What’s more, I became disillusioned with the inevitable change in programming culture. Back in the old days one was presented with a problem and one came up with solutions that often required in depth analysis of the fundamentals of the problem that gave you an unparalleled breadth of understanding of all the issues surrounding this problem and challenged you with trying to extract the salient issues to reduce the solution so that it would fit in a computer of the day. A task not unlike fitting 4 pounds of Crisco into a 3 pound can.
The change to high level programming languages was intended to avoid having to rewrite program code to accomodate different CPU and operating system structures. What I saw happening was the dependence on CPUs and OSs was minimized but was replaced by dependence on browser and existing subroutine libraries. The subroutine libraries are by design, generalized machines. Their internal workings are a mystery because nobody actually writes documents to that level anymore. Error reporting is reduced to “Gack, I can’t handle this so I’ll ignore it!” The poor programmer is now reduced to playing “Whack-a-Mole” with the ever shifting, muddy foundation of the library, browser or OS du-jour. Spending 5% of his effort on the problem algorithm and 95% of his effort on making it work, and continue to work, in the morass of unstable environments.
UNIX was a great idea and it lies at the heart of all the biggest machines and networks but all the sprout up sub-species have been a distraction.
And the biggest cultural change I observed was the opening up of computer programming to the unwashed masses. Now, any idiot that can create a “Hello World” program in Basic thinks they’re a programmer. That might have been OK when computers were strictly one user, one thread and unnetworked. But I know from experience that writing a sophisticated program that behaves properly in multi-CPU, multi-thread, multi-user, virtual, networked environments requires thinking in 5 dimensions.
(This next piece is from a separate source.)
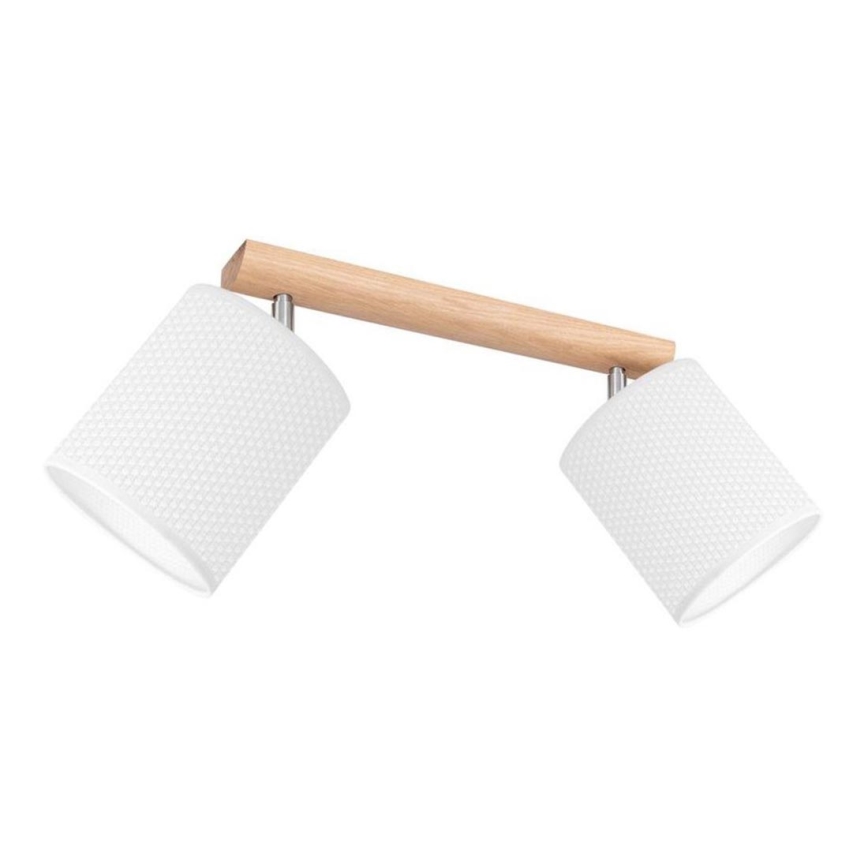 Foco BENITA 2xE27/25W/230V branco/carvalho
Sure there are subroutine libraries that are supposed to make that task easy but as I noted above they are generalized solutions and don’t always exactly fit the job. AND you’re dependent on how well they were written and how prescient their creator was in being able to predict how it would be used. Ever wonder why unpredictable, mysterious “blue screens” and “hangs” happen? I know why, and it’s a dirty little secret the average programmer hasn’t got a clue to and cannot solve by themselves.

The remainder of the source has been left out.